Vous voulez lire un
Lovecraft vraiment mauvais et vraiment ennuyeux ? Choisissez Prisonnier des Pharaons : bâillements garantis (et vous ne risquez pas d'avoir peur avant de vous endormir).
C'est l'histoire d'un type qui s'appelle Harry Houdini (oui oui oui). En fait, la nouvelle a été publiée sous le pseudonyme de Harry Houdini, et l'auteur de la nouvelle, qui en est également le héros, est censé être le véritable Houdini (c'était bien pratique pour un passage que j'évoquerai plus loin, mais ce n'est pas toujours indiqué dans les différentes éditions). Harry s'offre de petites vacances avec sa femme en Égypte et il nous fait profiter de ses impressions de voyage, du genre "Nous avons visité le souk du Caire, c'était chouette, mais pas tant que ça", ou bien "Abou Simbel, c'est super !", ou encore "Quelle grande civilisation que l'Égypte ancienne !" Oui, parce que
Lovecraft était fan des anciennes civilisations, en particulier de l'Égypte et de la Grèce, et donc il ne peut s'empêcher de pérorer sur la majesté de l'Égypte ancienne, sur ses monuments, sur l'Égypte actuelle, ma foi bien décevante, etc., etc. Et ça dure, ça dure, ça dure... Avant de lire cette nouvelle, je ne connaissais pas l'aspect guide touristique de l'oeuvre lovecraftienne, voilà qui est fait. Ça aurait été dommage de passer à côté de ça !
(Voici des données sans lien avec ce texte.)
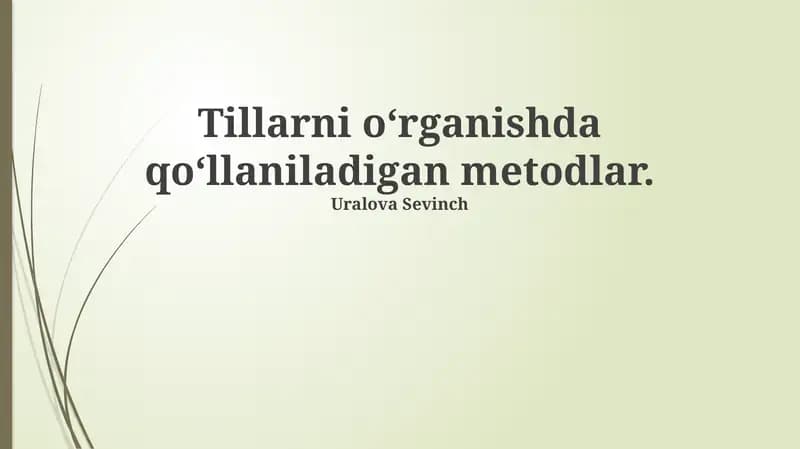 Til o'rganish usullari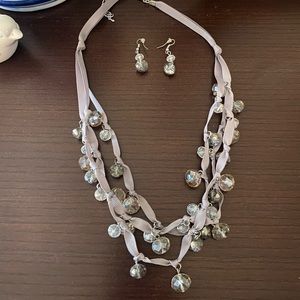 Ribbon Necklace and Earrings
Harry commence à s'ennuyer (mais quand même pas autant que nous), le voilà donc qui décide d'aller se promener à dos de dromadaire et qui loue les services d'un guide local carrément louche, duquel il se méfie, mais qu'il suit quand même à la nuit tombée au pied du Sphinx, le guide louche en question ayant rameuté une bande de potes à lui. Là, il est question... du Sphinx, de la pyramide de Képhren et du fait que Képhren aurait fait retailler le visage de la très très très ancienne statue du Sphinx pour la refaire à son image. Bref, ensuite, croyez-moi ou pas, Harry tombe... non, vous ne devinerez pas ! Il tombe dans un p-i-è-g-e. Bonjour la surprise ! du coup, le voilà tout ligoté, trimballé on ne sait trop où et jeté dans un trou hyper profond. C'est là que s'appeler Houdini s'avère vachement pratique, parce que du coup, notre héros va pouvoir se défaire de ses liens. Bon, bien que ce soit sa grande spécialité, il y met le temps (les liens magiques, ça craint, même pour Houdini), mais enfin, il s'en sort. Après avoir disserté des heures (qui nous semblent des années) en solo sur le Ka et autres sujets religieux ou ésotériques. Enfin, sur le chemin de l'évasion, il se retrouve à espionner les vilains Arabes qui l'ont enlevé, et qui sont quand même plus malins que les habituels pieds-mous qu'on retrouve ici et là chez
Lovecraft (ça nous fait un peu de changement).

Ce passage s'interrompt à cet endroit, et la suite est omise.